韓国の文在寅大統領(写真:ロイター/アフロ)

 5月9日の18時をもって大統領の座から退くことになる韓国の文在寅大統領が、このところ連日、尹錫悦(ユン・ソクヨル)次期大統領に向かって非難と毒舌を浴びせている。自分の退任と地方選挙を目前に控えて支持層を引き締めようとする意図が透けて見えるが、韓国国民の反応は極めて冷ややかだ。

すでに決まった「大統領執務室移転」にしつこく反対

 文在寅大統領による「尹錫悦次期大統領」批判の最大攻撃ポイントは、「大統領執務室の移転」問題だ。
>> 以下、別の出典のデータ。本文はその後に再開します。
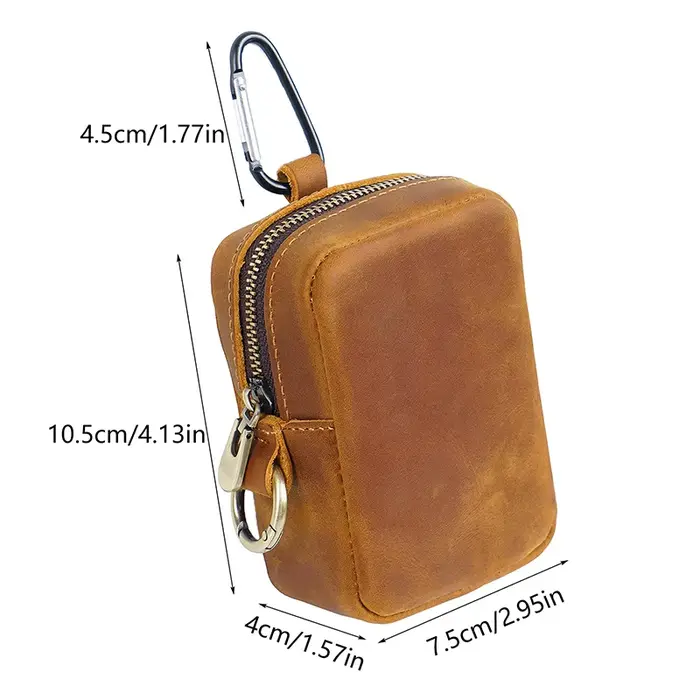 Sac en cuir avec fermeture éclair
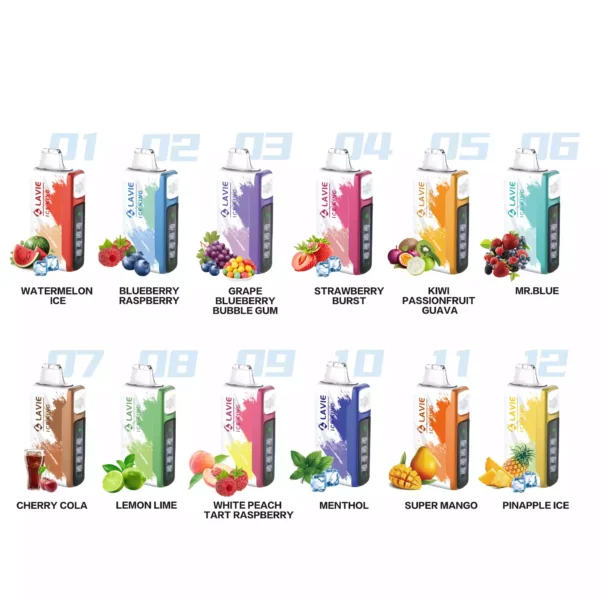 High Capacity LAVIE ICE KING 50000 Puffs Vape with 5 Cooling Levels and USB C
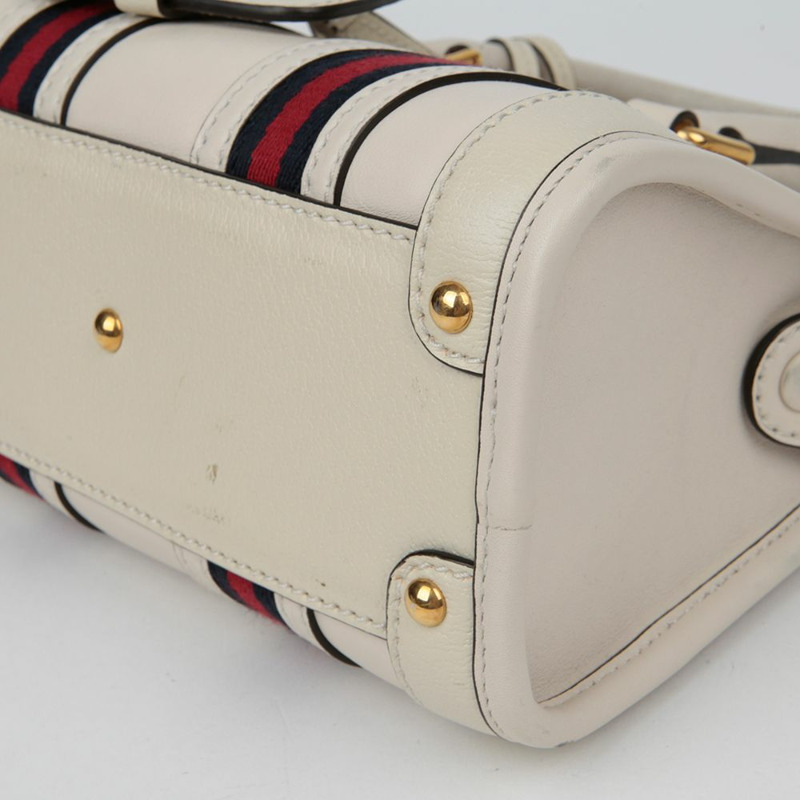 GUCCI Ophidia Web 迷你頂部提把托特單肩包 715771-12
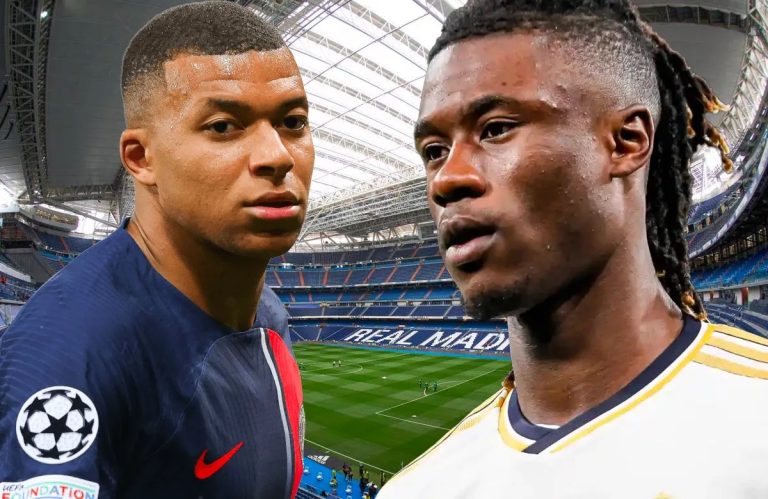 Kylian Mbappé y Eduardo Camavinga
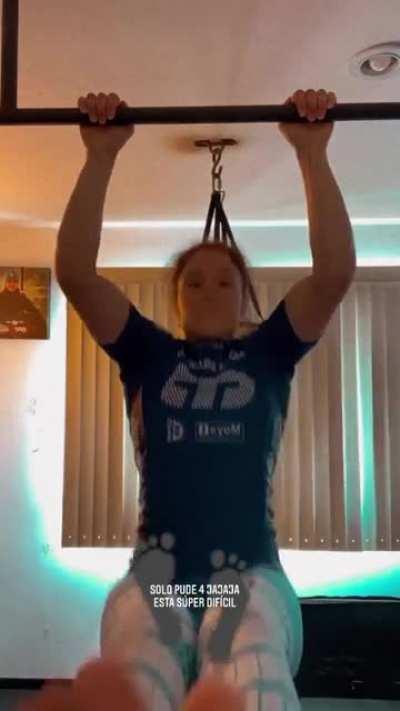 Alexa Grasso's soles while doing pull-ups (From her IG story)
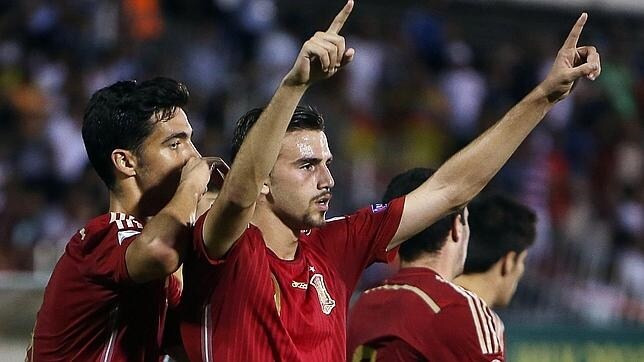Una espectacular España se proclama campeona de Europa sub 19 Mayoral-gol--644x362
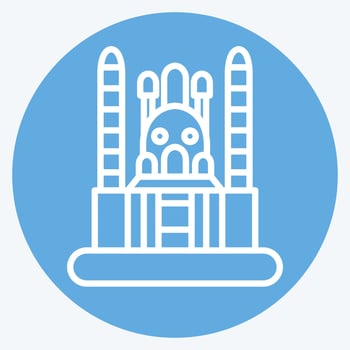 Icon Ankara. related to Capital symbol. blue eyes style. simple design editable. simple illustration vector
尹錫悦氏が大統領に当選し、青瓦台(大統領府)開放と執務室移転を公表すると、文在寅政権と共に民主党は「安保空白」を理由に執務室移転に強く反対してきた。

 しかし、尹次期大統領は自分の意思を曲げず、結局、大統領就任式が行われる5月10日から青瓦台は全面開放され、尹新大統領は国防部のある龍山(ヨンサン)で執務を始めることが決まった。
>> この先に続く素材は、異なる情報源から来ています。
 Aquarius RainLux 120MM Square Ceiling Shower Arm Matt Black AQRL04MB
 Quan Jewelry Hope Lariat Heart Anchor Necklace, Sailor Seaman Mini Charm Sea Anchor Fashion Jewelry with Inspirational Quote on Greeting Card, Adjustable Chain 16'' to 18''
 このようにすでにケリがついた事案であるにも関わらず、文大統領は今も非難を続けている。

「個人的に気に入らない。執務室を移すのは国家の百年大計だが、どこが適切なのかなどをめぐって世論の収斂もしなかった。安保危機が最も高まる政権交代期に、このような推進について、私は本当に危険だと思っている」(4月26日、JTBC放送とのインタビュー)

「(大統領府に寄せられた「大統領執務室移転反対請願」に対して)個人的に請願内容に共感する。もともと公約していた光化門移転が難しくなったにもかかわらず、巨大な費用をかけて光化門ではなく他の場所に移転しなければならないのか、そもそも疑問だ」(4月29日国民請願に答える)
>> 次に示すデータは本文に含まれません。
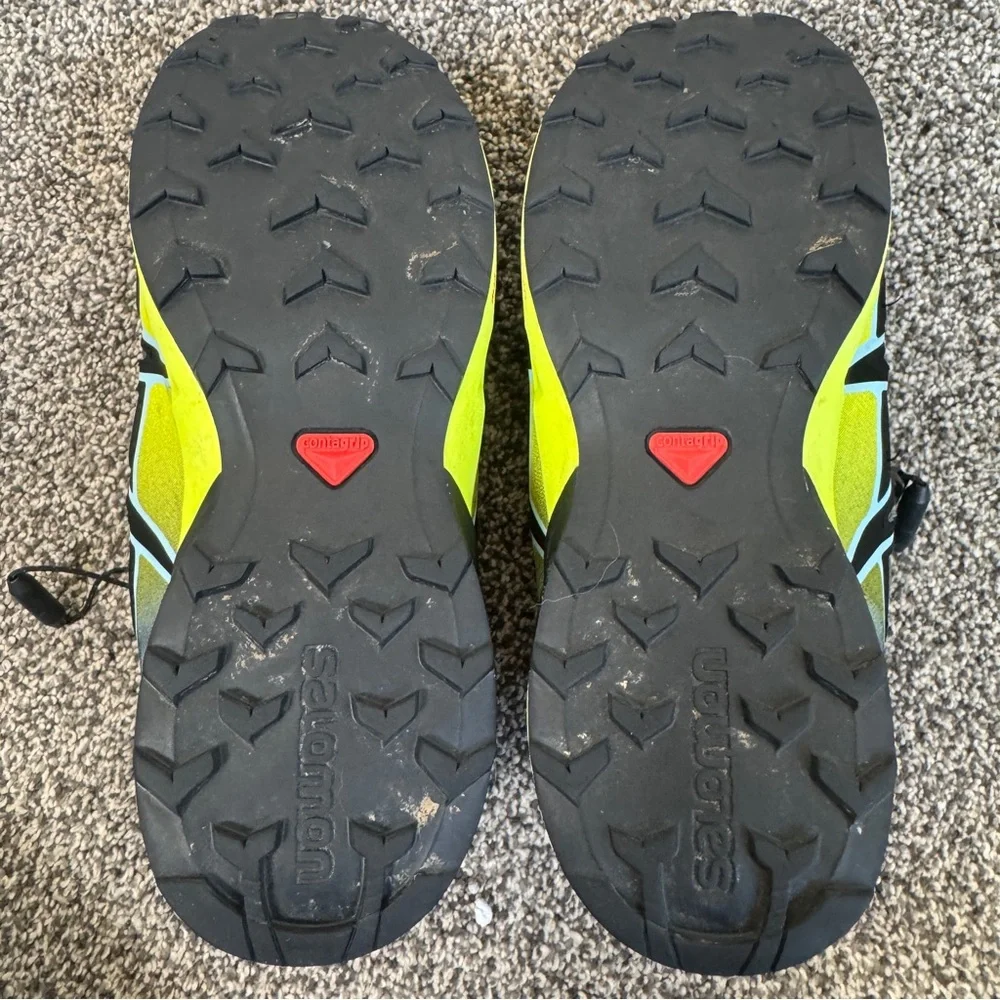 Salomon Men's Black and Yellow Running Shoes - Picture 7 of 8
 そしてもっとも目を引いたのは、5月5日、韓国の「子供の日」の行事で青瓦台に招請された子供たちの前で、「皆さんが青瓦台で遊べる最後の子供たちになった」と言い放ったことだった。5月10日から一般市民に青瓦台が全面開放されるというのに、事実に反するようなことまで口にして、執務室移転への強い反感を改めて示したわけだ。